Autant vous dire que cette réception qui sera certainement accompagnée de sourires, coupes de champagne et de petits fours, paraît totalement indigeste pour la CGT de Haute-Garonne, mobilisée aux côtés des salariés de Fibre Excellence. L’organisation syndicale a d’ailleurs publié une vidéo mettant en opposition ces deux réalités avec ce leitmotiv : « Pendant que certains trinquent, d’autres s’inquiètent pour demain« .
« Deux réalités. Deux priorités. D’un côté, un président de la République et des ministres qui célèbrent leur départ en vacances. De l’autre, des salariés, des familles avec enfants, qui n’auront pas cette chance, parce qu’ils se battent pour préserver leurs emplois, leur usine et l’avenir de tout un territoire« , poursuit la CGT.
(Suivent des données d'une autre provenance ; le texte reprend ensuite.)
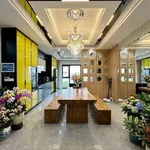 Bán nhà hẻm xe hơi Nguyễn Thái Bình 4,5x11m 5 tầng 10,2 tỷ - Ảnh thu nhỏ 1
La vidéo s’achève sur un message adressé directement à Emmanuel Macron sur des images de mobilisation des salariés aux portes de leur usine de Saint-Gaudens : « Mr le Président, si vous n’agissez pas, vous porterez la responsabilité de ce qui se produira à l’issue de l’audience (du tribunal de commerce, ndlr). Cette usine, c’est la leur. Personne ne la leur prendra.«
Depuis la fin avril 2026, date du placement en redressement judiciaire de Fibre Excellence, les salariés vivent dans l’angoisse. Avec l’aide des collectivités régionales d’Occitanie et de Provence-Alpes-Côte d’Azur, un fastidieux travail a été mené pour aboutir à une offre de reprise. Et depuis des mois, le soutien de l’Etat a été réclamé.
Seulement voilà, la lutte pour la survie économique d’un savoir-faire industriel, de la filière bois et des emplois semble avoir glissé d’un volet social à un terrain très politique. Matthieu Pigasse est l’unique repreneur déclaré. L’investisseur est réputé pour être de gauche et il s’est même murmuré qu’il pouvait être candidat à la primaire socialiste en vue de l’élection présidentielle de 2027.
De quoi braquer Emmanuel Macron, et son gouvernement ? Quoi qu’il en soit, à force d’être interpellé sur l’avenir de Fibre Excellence, Roland Lescure, le ministre de l’Economie a fini par avoir des mots très durs, mettant en doute le sérieux de la part d’investissement personnel de Matthieu Pigasse en évoquant « cinq misérables millions d’euros« . Des critiques qui ont immédiatement relancé les appels à l’arbitrage d’Emmanuel Macron.
En attendant, à moins de 24 heures de la décision du tribunal de commerce de Toulouse, la mobilisation des salariés s’est symboliquement renforcée aux portes de leur usine avec le placement de cinq camions transportant du bois, nécessaire à la production de pâte à papier, à l’entrée du site industriel de Saint-Gaudens. Des salariés qui retiennent leur souffle.